Again, the directory Yahoo!

November 2014 I wrote about the directory Yahoo! One suggestion on Twitter was to copy the whole directory. After I wrote that blog, I tried to copy the directory Yahoo! with WGET. That seems simple, but isn't. Several weeks my computer was working day and night to fetch the directory. Due to an automatic windows update I wasn't able to fetch the whole directory. It's a pity, but I think that I have more than enough data.

After the fetch process I tried to analyse the links, however that was hard due to the fact that the structure of the HTML code wasn't always the same, and I made the mistake that I converted all filenames to lowercase. That wasn't smart, because now I've got a lot of broken links. So I tried to parse the pages with the YahooAnalyser (some Python code written by me, to analyse the content of the old Yahoo! directory), however, the end result was ... nothing beside the finding that this approach was far to complex.
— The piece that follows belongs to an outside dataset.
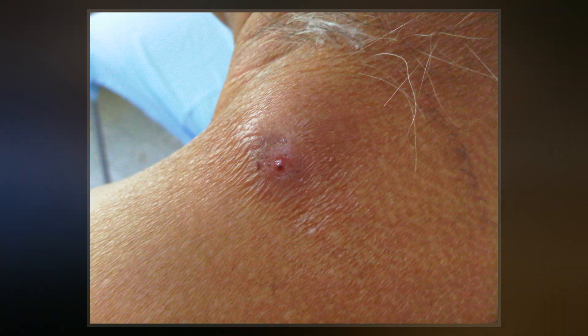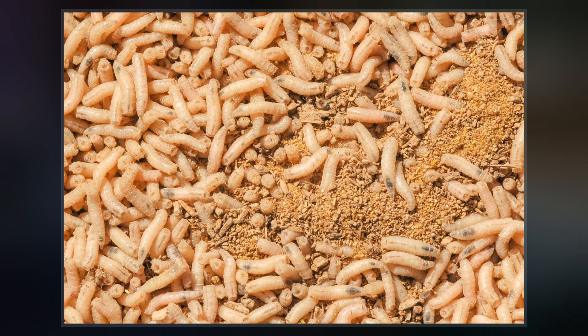In 2004, the FDA cleared maggots from the common green bottle fly for use as a medical device in the United States for the purpose of treatment of chronic wounds.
Recently I decided to take another approach. Instead of analysing the complex HTML code, I deleted this complex code so that in the end I got simple lists of links, and I converted all uppercase characters to lowercase characters. Thereafter it was possible to use a broken link checker like Xenu's Link Sleuth to analyse the fetched copy of the directory Yahoo! 

My findings are:

  • I was able to fetch 56,359 folders (I assume that there are roughly 60,000 folders);
  • I was able to fetch 568,744 external links, so the average number of links per folder is 10;
  • Of these 568,744 fetched links there where 92,746 duplicate links, so 84% of the links where unique;
  • Of the 475,998 unique links 365,751 links got the status 200 OK. That's 77% OK and 23% not OK;
  • The top reasons a link is broken are:
    • No such host (9%);
    • No connection (8%);
    • Not found (2%).

A year ago my estimation was that there are 55,000 to 75,000 categories so that's roughly the same. However I overestimated the number of links. First I thought there are 1,000,000 to 3,000,000 links mentioned on Yahoo! Nowadays I believe that there where roughly 500,000 unique links.

The percentage of 23% broken links isn't fair due to the fact that a year passed between my fetch action and this analysis. However in my opinion a broken link percentage of 20% or higher isn't acceptable. So I still repeat the conclusion of last year "It is a pity, but it is logical that the Yahoo! directory is shut down".